● Try it: The expected output is each line from the one containing "HONDA GYRO CANOPY 2018 TA03" to the last line of the data below, set down exactly, minus the pictures.

(Excerpts from a dataset)
__________________________________________________
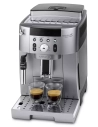 magnifica s smart.15bar.1,8l.250g.nr/slv - delonghi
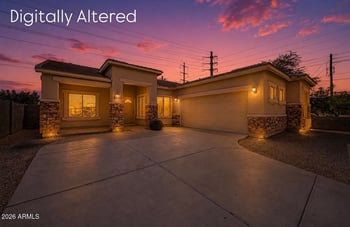 7517 15th Dr, Phoenix, AZ 85041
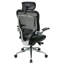 Chaise de travail SPACE-314178703-314178697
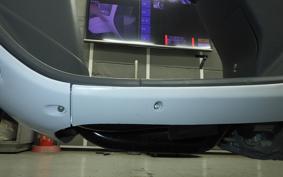 HONDA GYRO CANOPY 2018 TA03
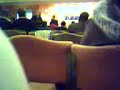 Tommy Sheridan Solidarity speech October 26th 2006 - Clip 2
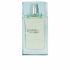 Green Lover - 50 Ml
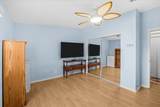 2820 Hook Court - Photo 21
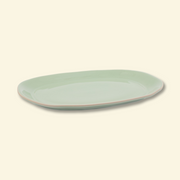 Jamie Oliver Big Love Fuente 33 x 4 cm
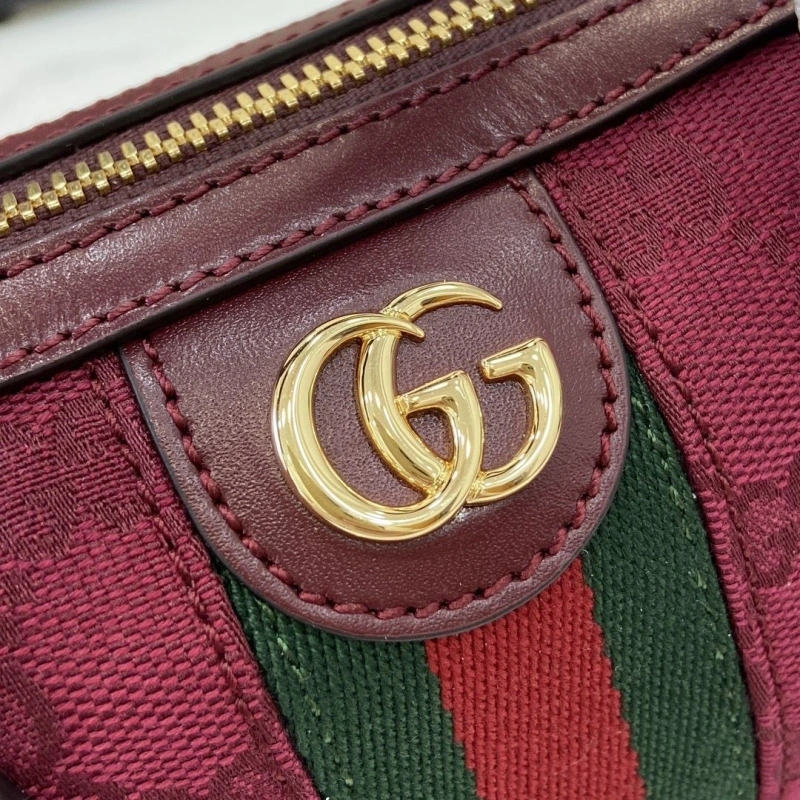 Gvc*1 speedy bags 4094b-0153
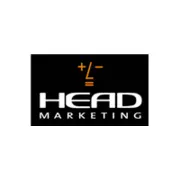 Logo für den Job Office Manager (m/w/d)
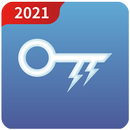 New free VPNFlash - Fast unlim APK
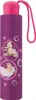 Parasol dziecięcy Scout Pink Horse 10049 Podgląd zdjęcia produktu 2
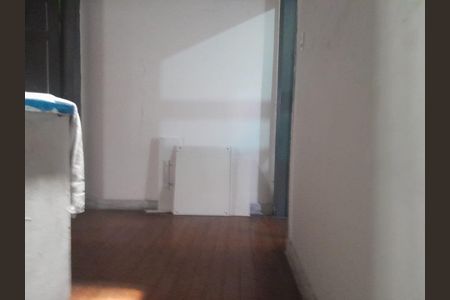 Casa de Condomínio à venda com 2 quartos, 92m² em Pompeia, São Paulo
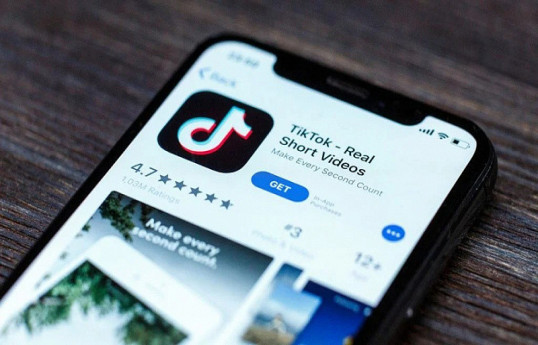 Опасный TikTok-тренд унес жизни двух людей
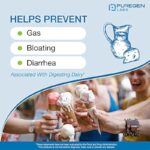 51l9qi0p61l. ac us800 .jpg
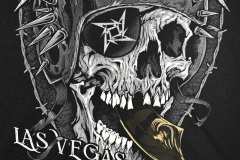 Metallica_2022_tour_Las_Vegas
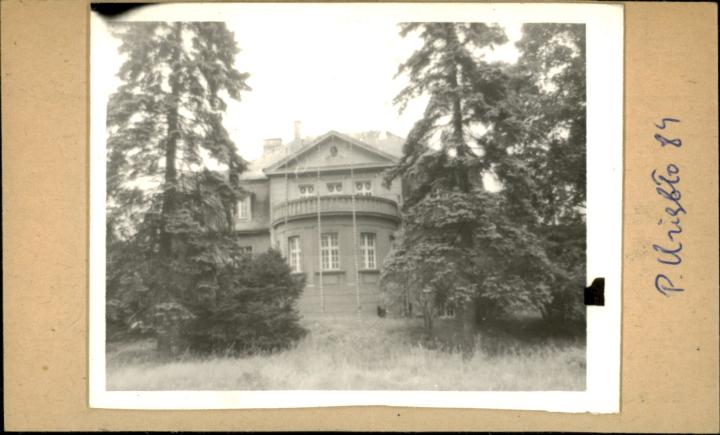 siedziba ZSMP, skan 2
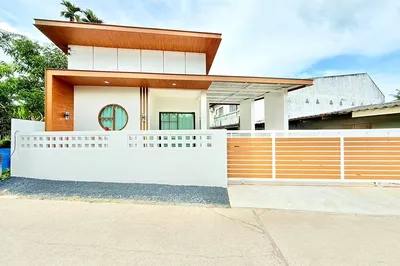 modern-single-story-detached-house-for-sale-920281012-79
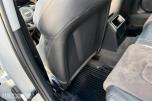 2014 Audi A4 2.0-150 D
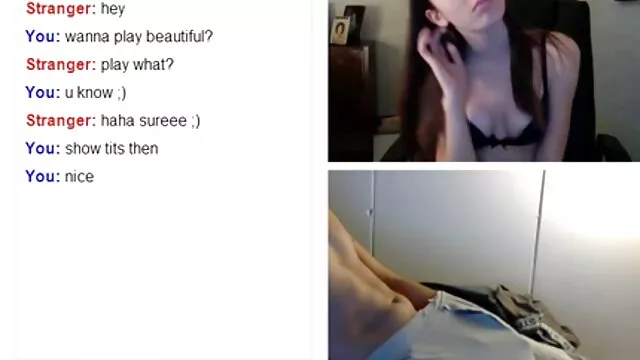 Sexy rosso Jill Kassidy dà un pompino a lei fidanzato voglio vedere film porno italiani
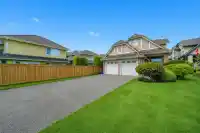 6291 SEMLIN COURT - thumbnail 1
__________________________________________________
● Exercise response:
 HONDA GYRO CANOPY 2018 TA03
 Tommy Sheridan Solidarity speech October 26th 2006 - Clip 2
 Green Lover - 50 Ml
 2820 Hook Court - Photo 21
 Jamie Oliver Big Love Fuente 33 x 4 cm
 Gvc*1 speedy bags 4094b-0153
 Logo für den Job Office Manager (m/w/d)
 New free VPNFlash - Fast unlim APK
 Parasol dziecięcy Scout Pink Horse 10049 Podgląd zdjęcia produktu 2
 Casa de Condomínio à venda com 2 quartos, 92m² em Pompeia, São Paulo
 Опасный TikTok-тренд унес жизни двух людей
 51l9qi0p61l. ac us800 .jpg
 Metallica_2022_tour_Las_Vegas
 siedziba ZSMP, skan 2
 modern-single-story-detached-house-for-sale-920281012-79
 2014 Audi A4 2.0-150 D
 Sexy rosso Jill Kassidy dà un pompino a lei fidanzato voglio vedere film porno italiani
 6291 SEMLIN COURT - thumbnail 1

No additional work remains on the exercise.